RECORD EXTRACTS below:

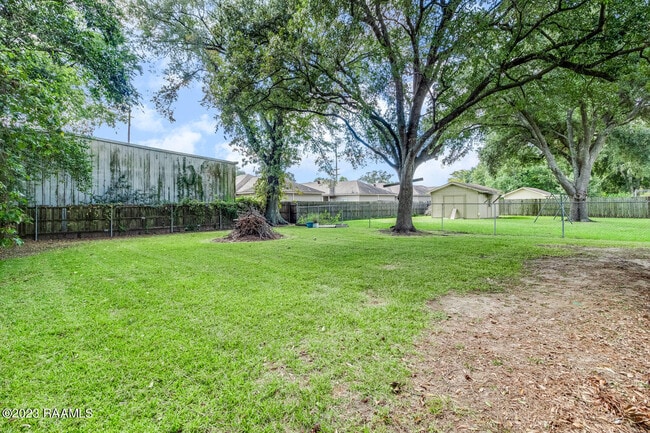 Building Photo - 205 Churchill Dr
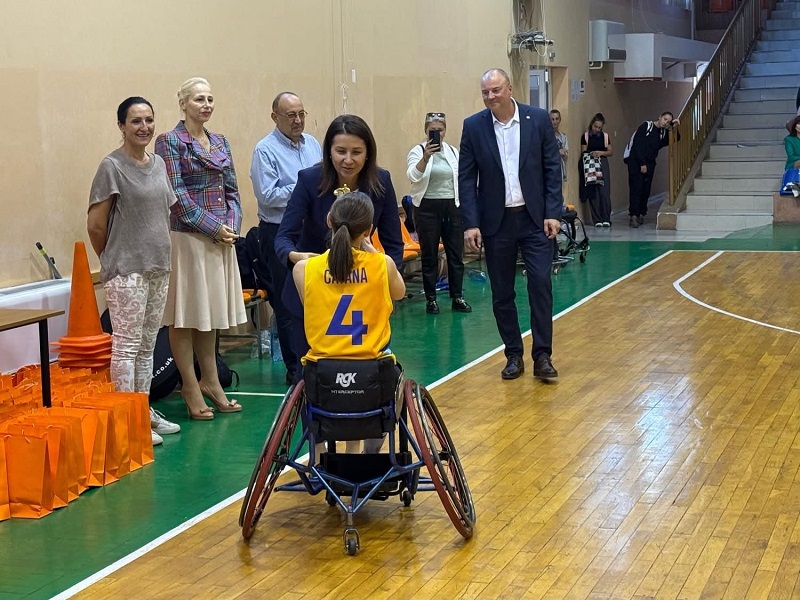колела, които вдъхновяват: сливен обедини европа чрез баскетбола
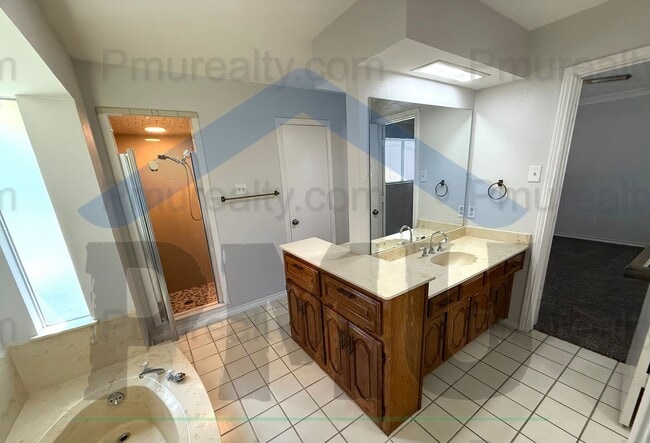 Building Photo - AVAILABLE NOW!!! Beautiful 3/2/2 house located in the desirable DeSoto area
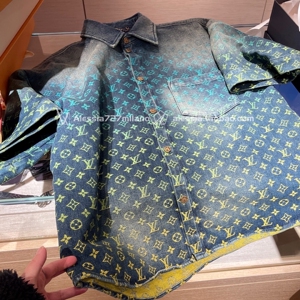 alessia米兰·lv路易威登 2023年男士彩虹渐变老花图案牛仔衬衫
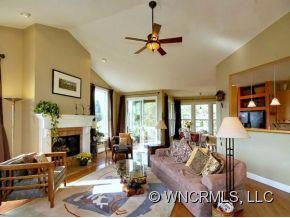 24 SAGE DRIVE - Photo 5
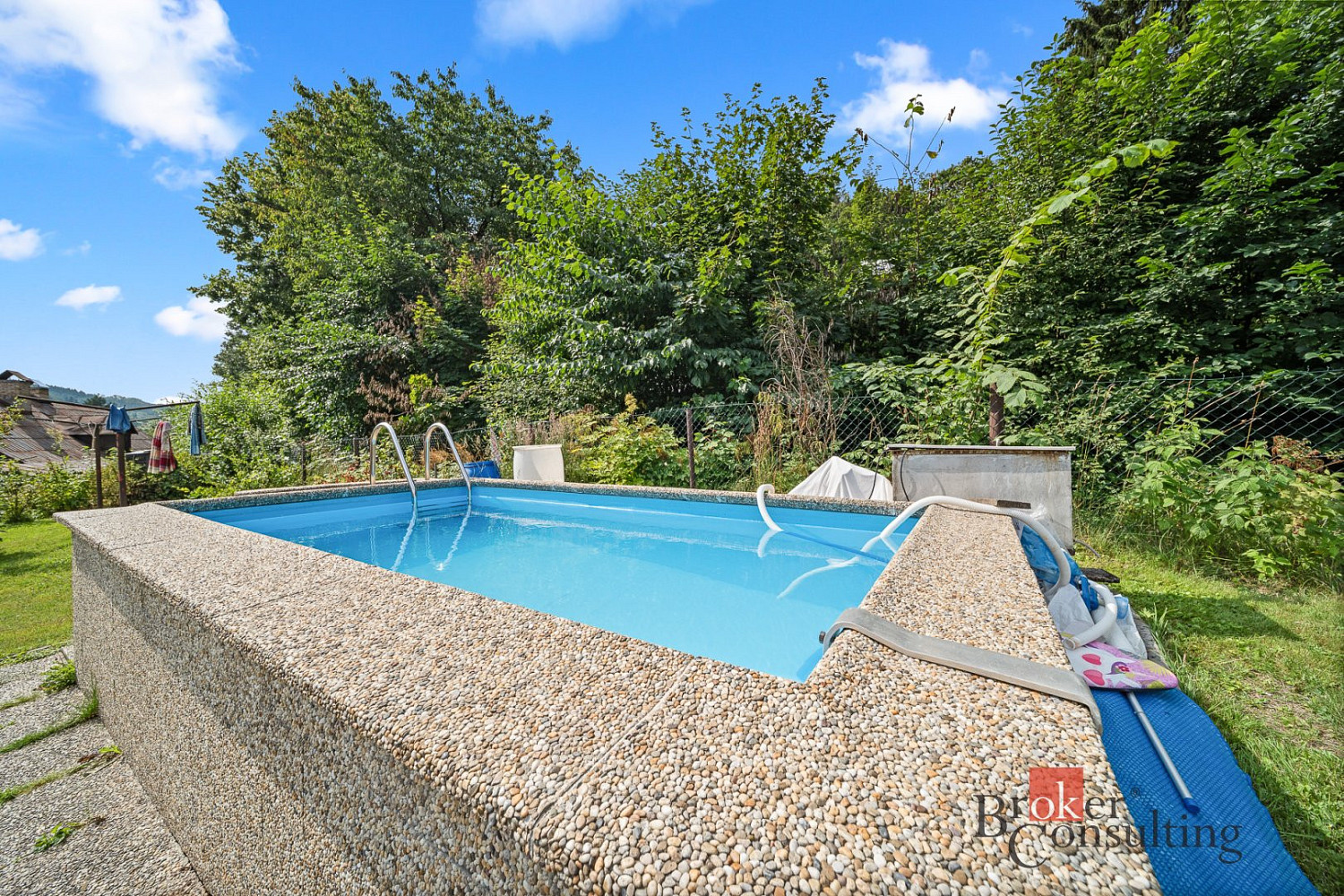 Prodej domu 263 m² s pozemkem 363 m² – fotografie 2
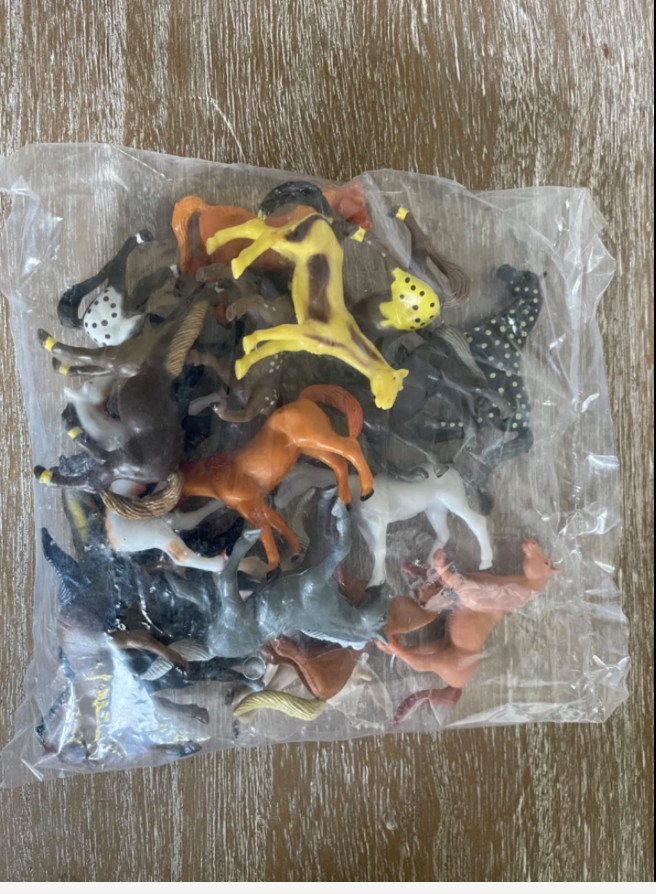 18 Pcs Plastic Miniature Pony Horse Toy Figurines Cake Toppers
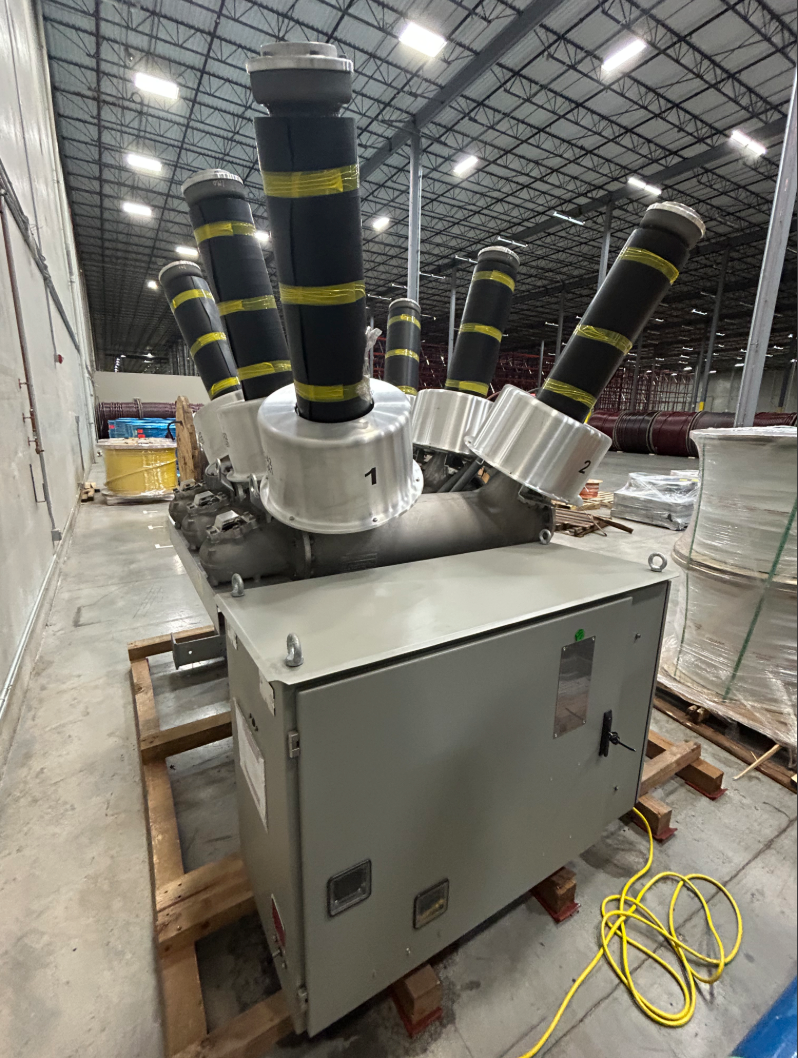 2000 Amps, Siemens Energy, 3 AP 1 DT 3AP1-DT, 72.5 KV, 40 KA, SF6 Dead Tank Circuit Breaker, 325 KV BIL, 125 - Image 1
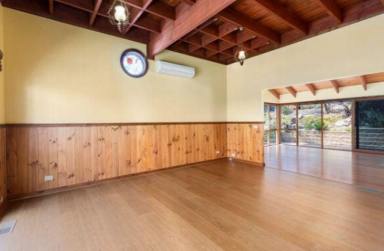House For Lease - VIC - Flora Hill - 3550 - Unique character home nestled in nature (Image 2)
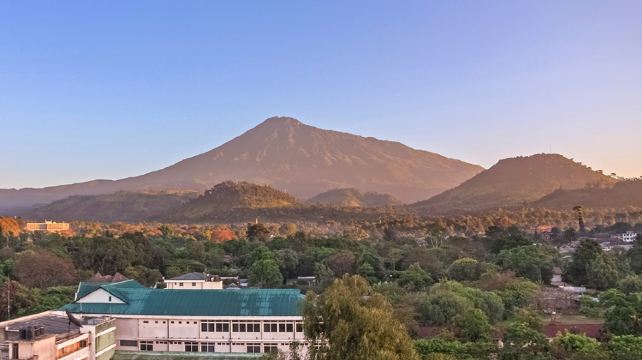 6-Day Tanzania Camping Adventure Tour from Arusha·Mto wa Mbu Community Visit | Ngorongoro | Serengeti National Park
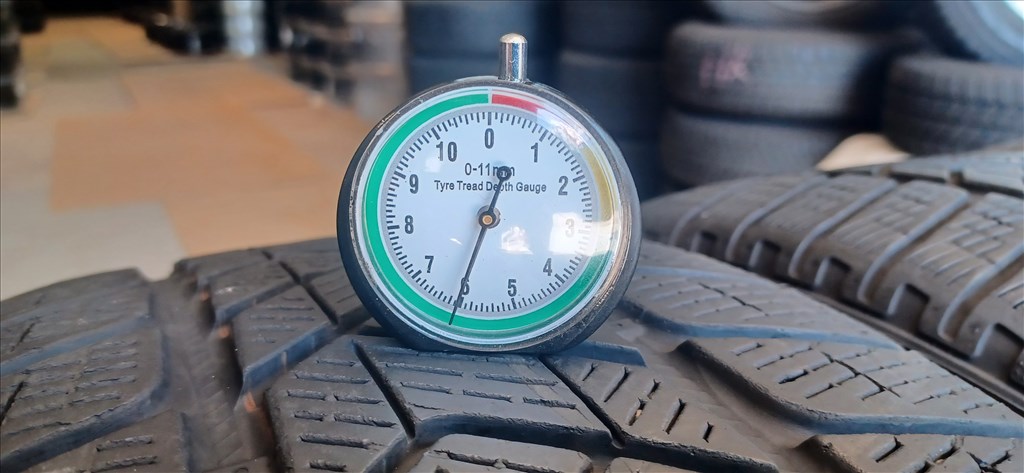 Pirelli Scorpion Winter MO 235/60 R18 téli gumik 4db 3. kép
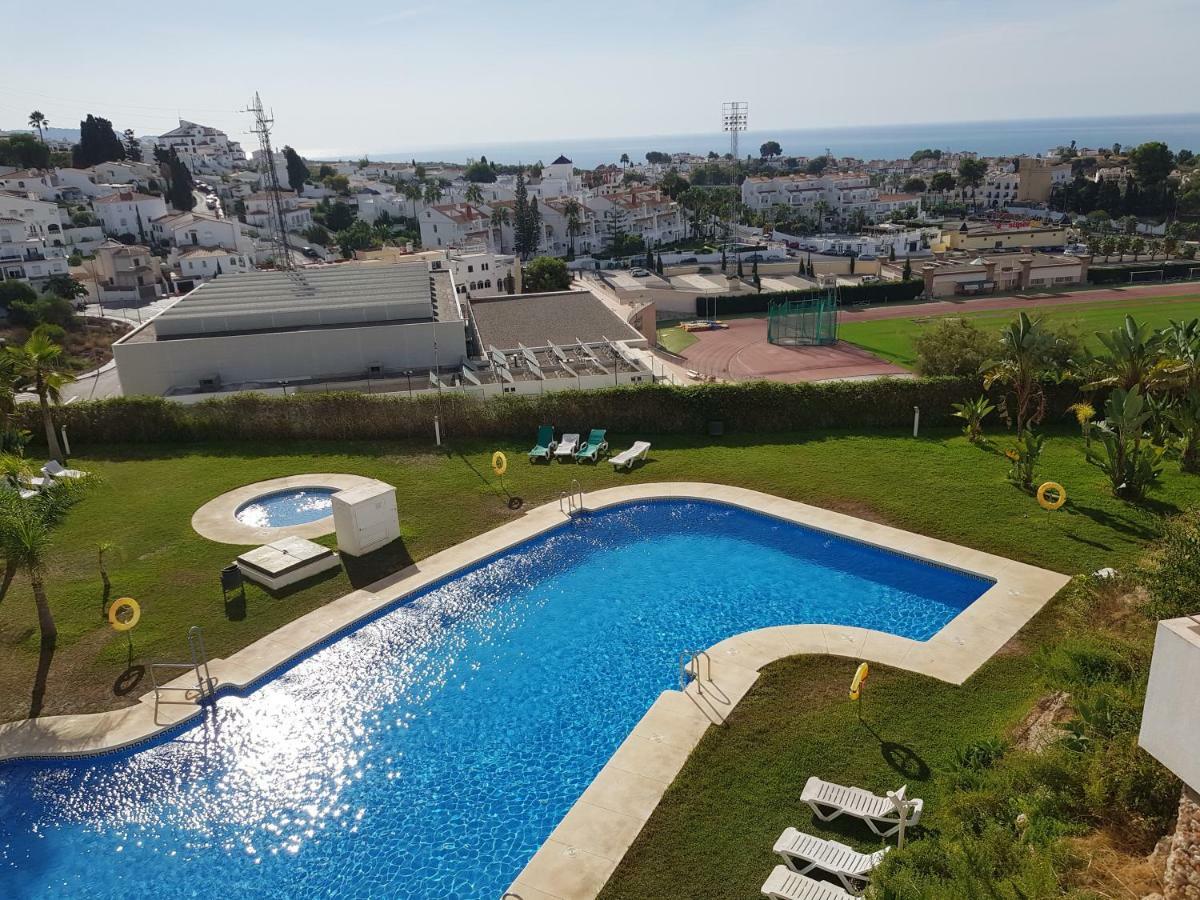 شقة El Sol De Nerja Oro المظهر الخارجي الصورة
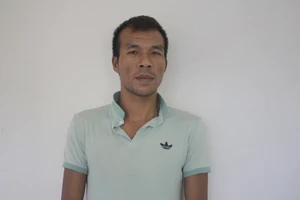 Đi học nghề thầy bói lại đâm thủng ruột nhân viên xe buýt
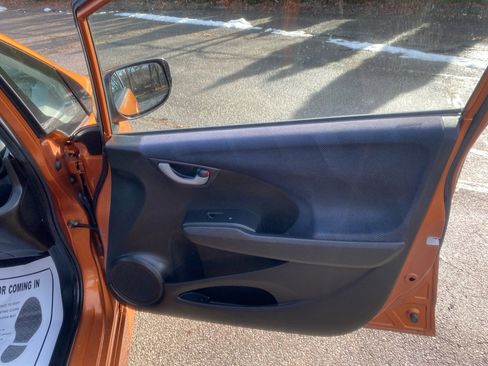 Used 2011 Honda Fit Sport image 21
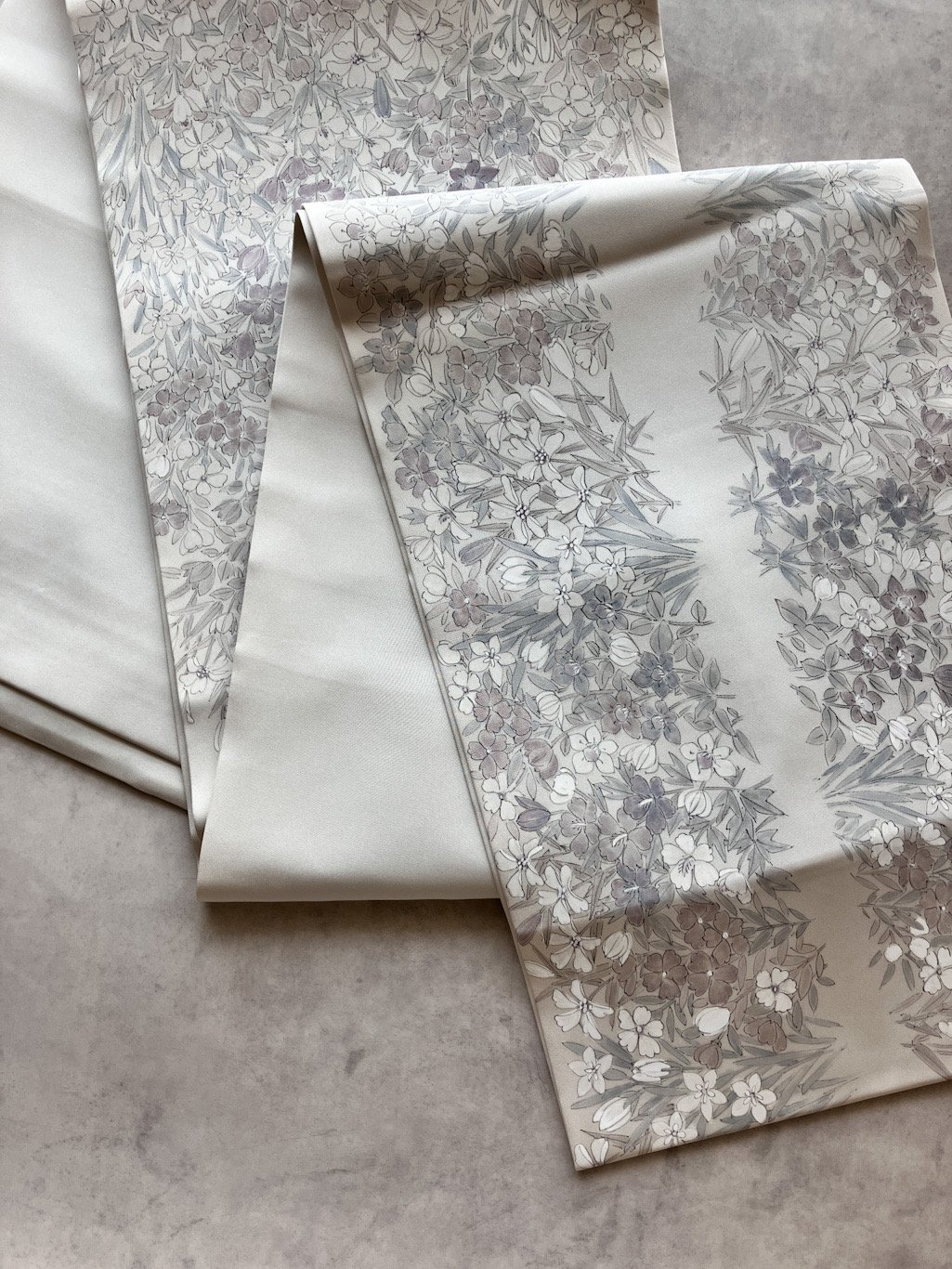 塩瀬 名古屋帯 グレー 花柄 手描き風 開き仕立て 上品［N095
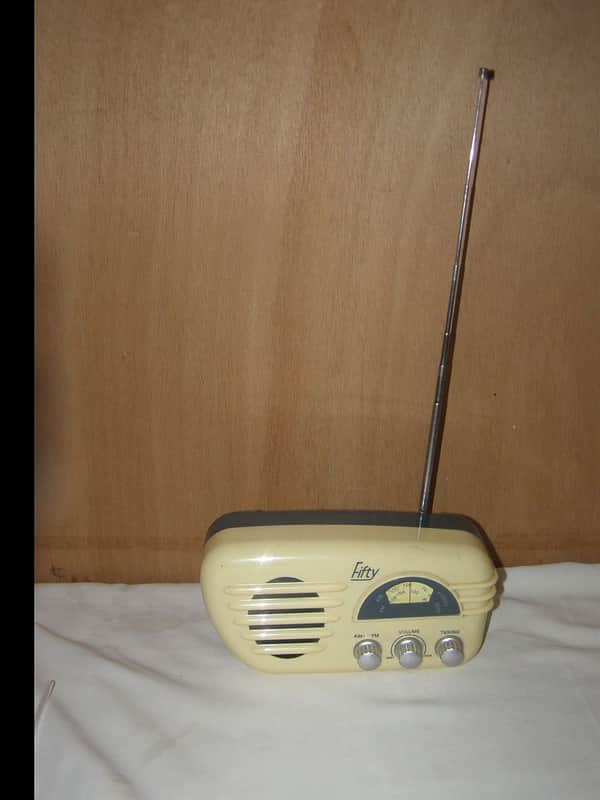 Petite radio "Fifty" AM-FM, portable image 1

End of RECORD EXTRACTS.

THE TASK:
Could you restate the entries word for word, skipping any pictures?

SOLUTION:
 Building Photo - 205 Churchill Dr
колела, които вдъхновяват: сливен обедини европа чрез баскетбола
 Building Photo - AVAILABLE NOW!!! Beautiful 3/2/2 house located in the desirable DeSoto area
 alessia米兰·lv路易威登 2023年男士彩虹渐变老花图案牛仔衬衫
 24 SAGE DRIVE - Photo 5
 Prodej domu 263 m² s pozemkem 363 m² – fotografie 2
 18 Pcs Plastic Miniature Pony Horse Toy Figurines Cake Toppers
 2000 Amps, Siemens Energy, 3 AP 1 DT 3AP1-DT, 72.5 KV, 40 KA, SF6 Dead Tank Circuit Breaker, 325 KV BIL, 125 - Image 1
House For Lease - VIC - Flora Hill - 3550 - Unique character home nestled in nature (Image 2)
 6-Day Tanzania Camping Adventure Tour from Arusha·Mto wa Mbu Community Visit | Ngorongoro | Serengeti National Park
 Pirelli Scorpion Winter MO 235/60 R18 téli gumik 4db 3. kép
 شقة El Sol De Nerja Oro المظهر الخارجي الصورة
 Đi học nghề thầy bói lại đâm thủng ruột nhân viên xe buýt
 Used 2011 Honda Fit Sport image 21
 塩瀬 名古屋帯 グレー 花柄 手描き風 開き仕立て 上品［N095
 Petite radio "Fifty" AM-FM, portable image 1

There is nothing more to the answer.